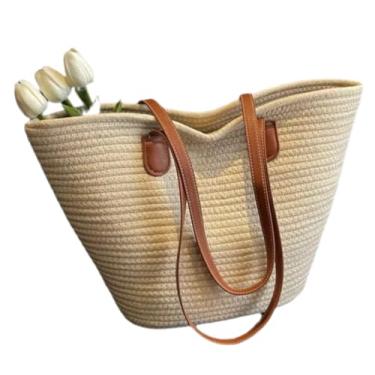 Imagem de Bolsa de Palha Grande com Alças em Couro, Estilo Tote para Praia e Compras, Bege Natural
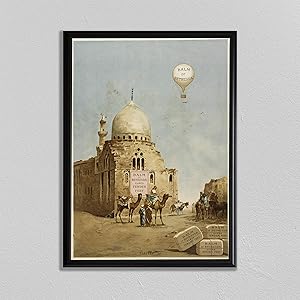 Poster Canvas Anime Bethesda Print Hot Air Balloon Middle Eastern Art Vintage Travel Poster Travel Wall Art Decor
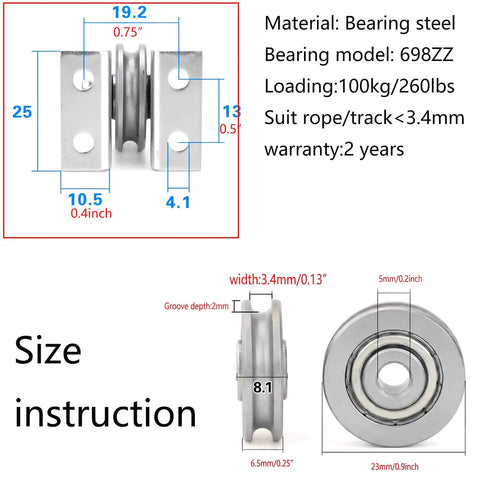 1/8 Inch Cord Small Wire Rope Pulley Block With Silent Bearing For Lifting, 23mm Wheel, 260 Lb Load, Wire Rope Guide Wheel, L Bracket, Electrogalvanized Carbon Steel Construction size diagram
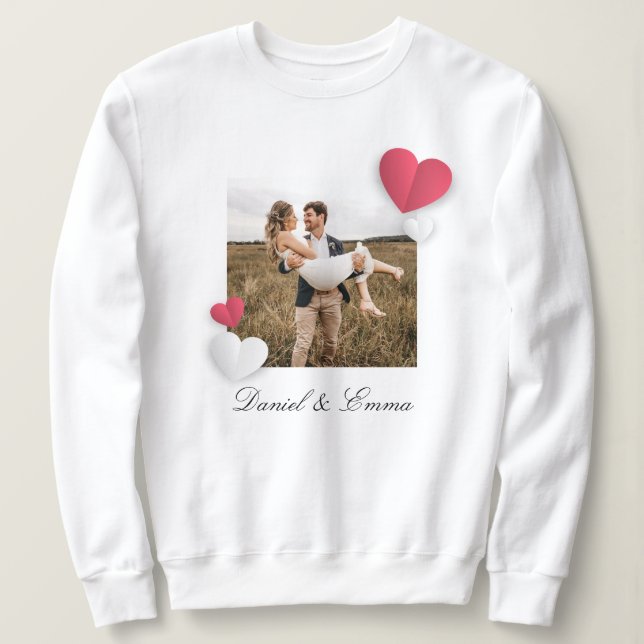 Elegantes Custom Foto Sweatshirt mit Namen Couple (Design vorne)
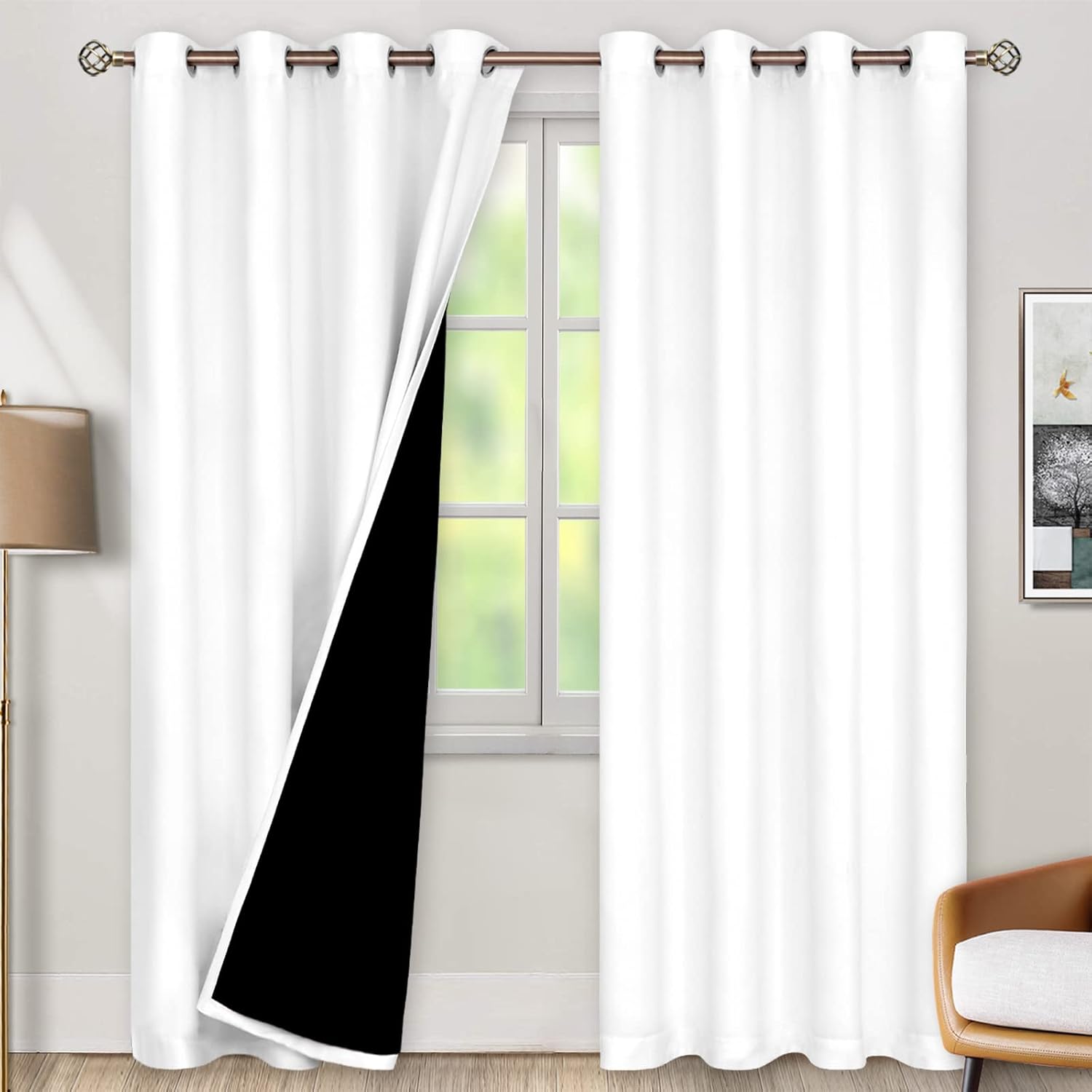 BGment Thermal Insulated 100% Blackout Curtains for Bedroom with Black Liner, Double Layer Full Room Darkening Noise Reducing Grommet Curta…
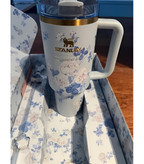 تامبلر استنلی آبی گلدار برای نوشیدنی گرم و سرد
* * *
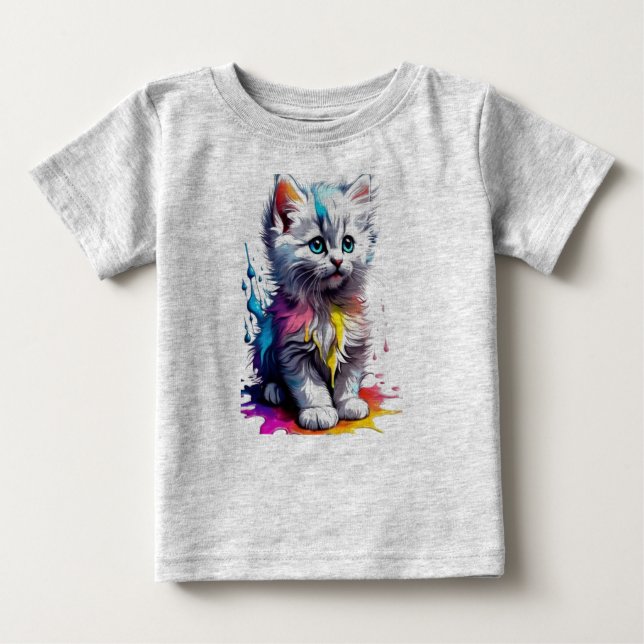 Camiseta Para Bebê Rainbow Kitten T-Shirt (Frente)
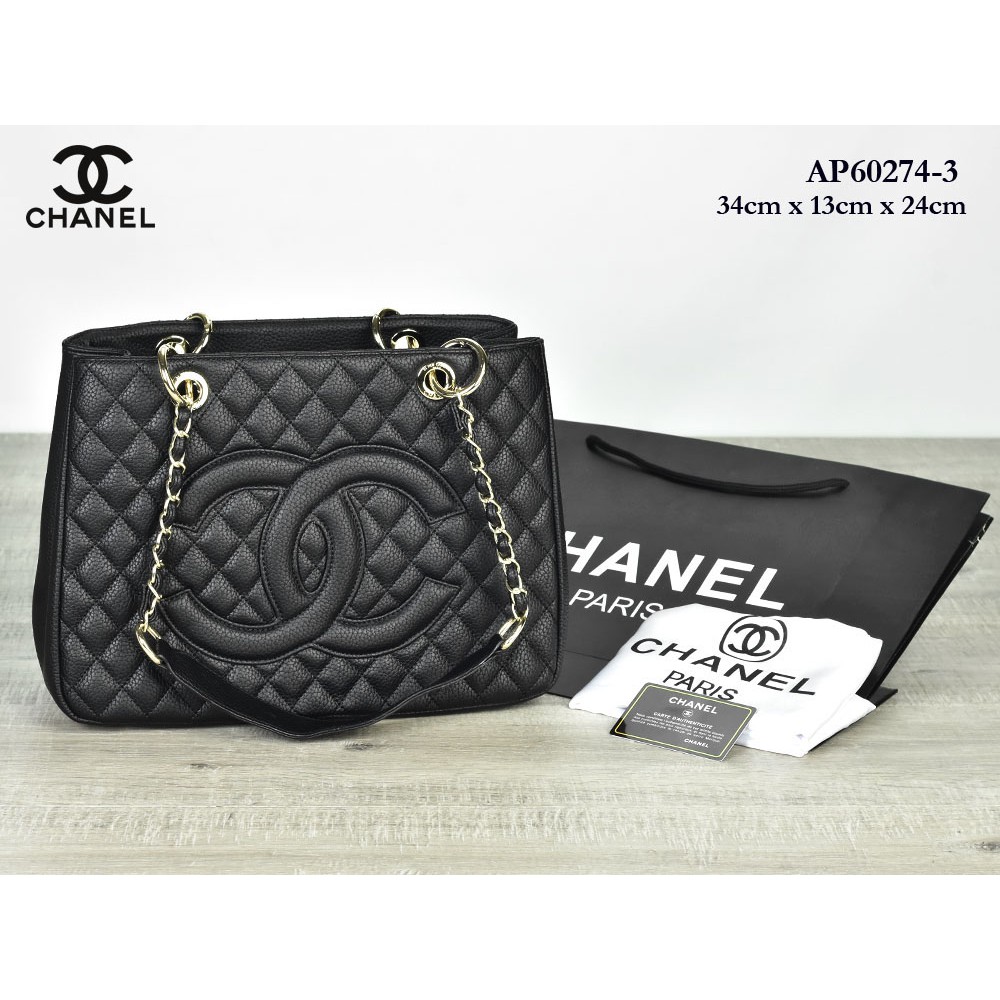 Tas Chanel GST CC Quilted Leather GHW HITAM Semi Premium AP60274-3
* * *
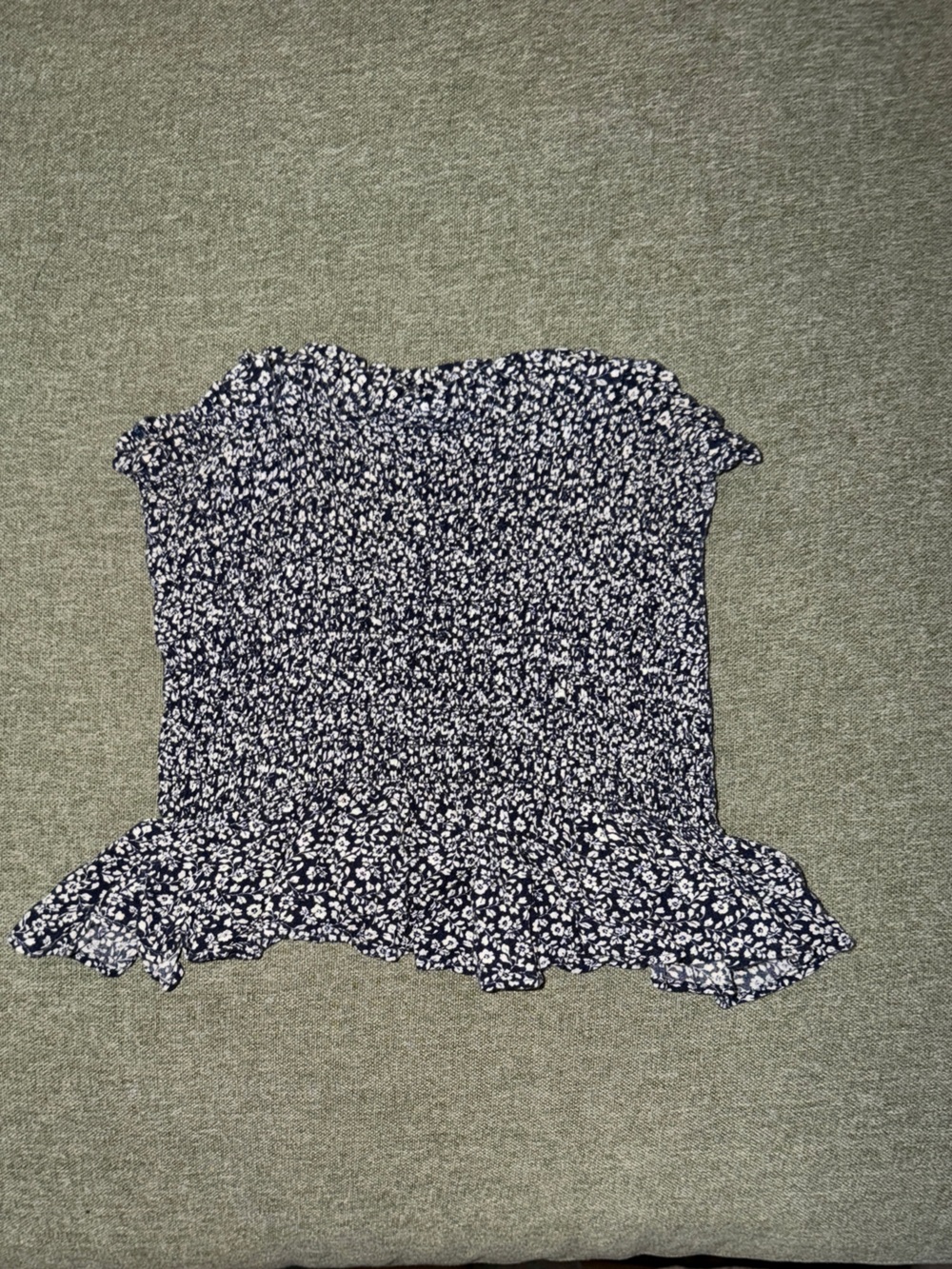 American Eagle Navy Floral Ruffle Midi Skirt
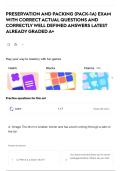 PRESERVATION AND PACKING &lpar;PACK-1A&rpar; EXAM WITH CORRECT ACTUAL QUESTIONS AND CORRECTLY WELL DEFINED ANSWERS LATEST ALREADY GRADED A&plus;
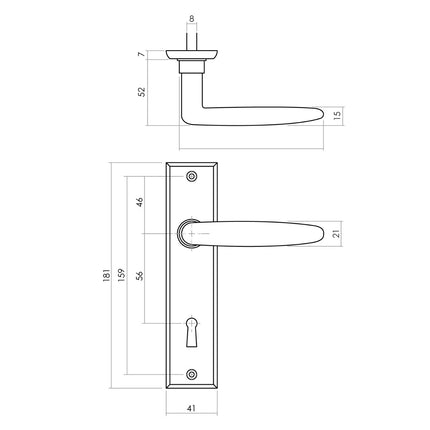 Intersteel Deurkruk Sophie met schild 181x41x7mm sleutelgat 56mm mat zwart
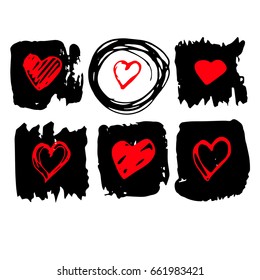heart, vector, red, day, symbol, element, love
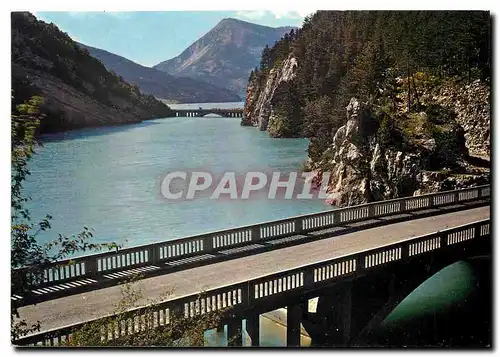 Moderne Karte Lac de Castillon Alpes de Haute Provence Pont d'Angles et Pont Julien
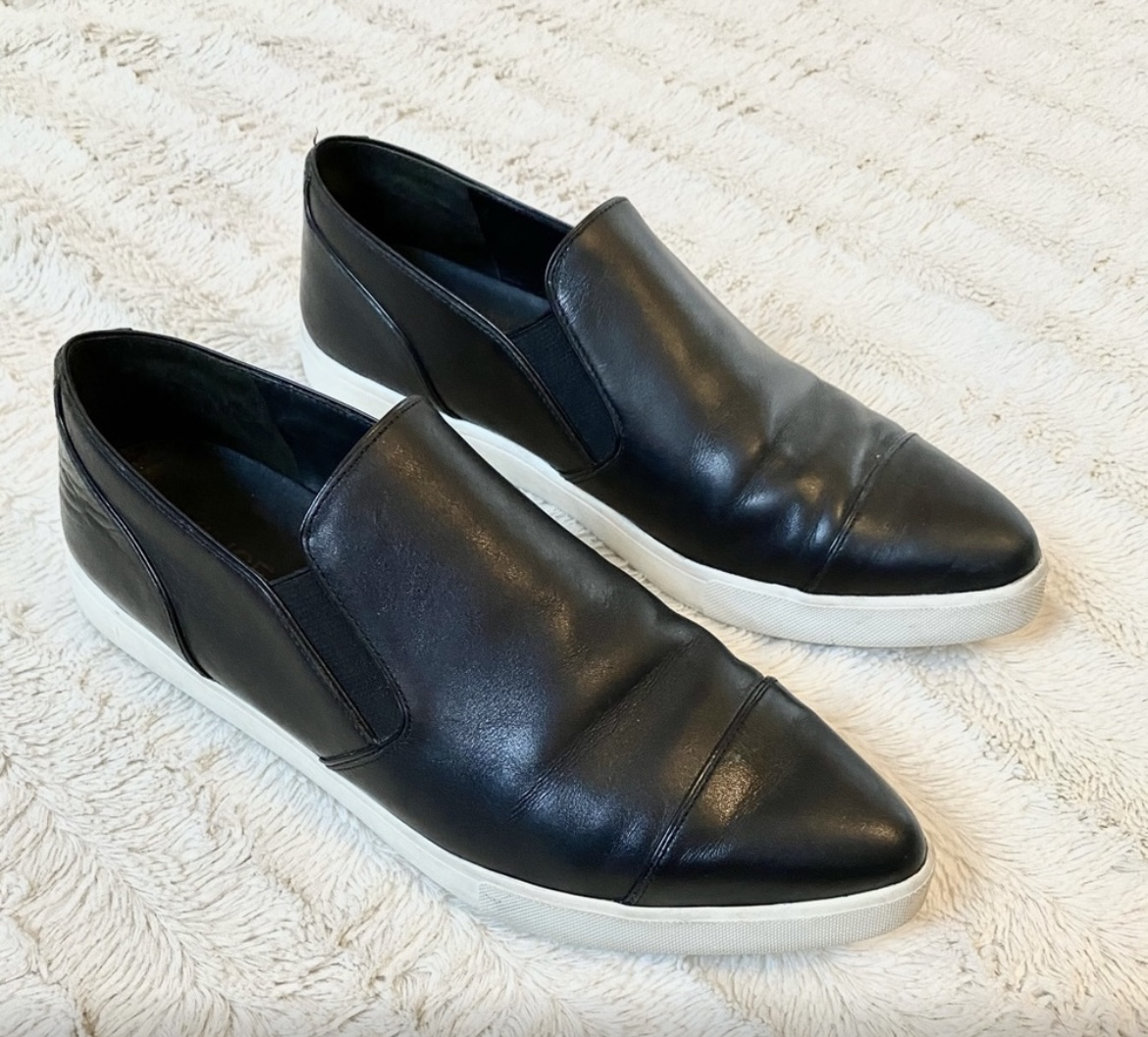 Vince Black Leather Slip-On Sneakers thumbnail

WORK TO BE COMPLETED
Only one part of the material above is wanted: the lines from the one with "PRESERVATION AND PACKING" up to and including the one with "Vince Black Leather". Please copy them exactly, pictures left out.

REPLY
 PRESERVATION AND PACKING &lpar;PACK-1A&rpar; EXAM WITH CORRECT ACTUAL QUESTIONS AND CORRECTLY WELL DEFINED ANSWERS LATEST ALREADY GRADED A&plus;
 Intersteel Deurkruk Sophie met schild 181x41x7mm sleutelgat 56mm mat zwart
heart, vector, red, day, symbol, element, love
 Moderne Karte Lac de Castillon Alpes de Haute Provence Pont d'Angles et Pont Julien
 Vince Black Leather Slip-On Sneakers thumbnail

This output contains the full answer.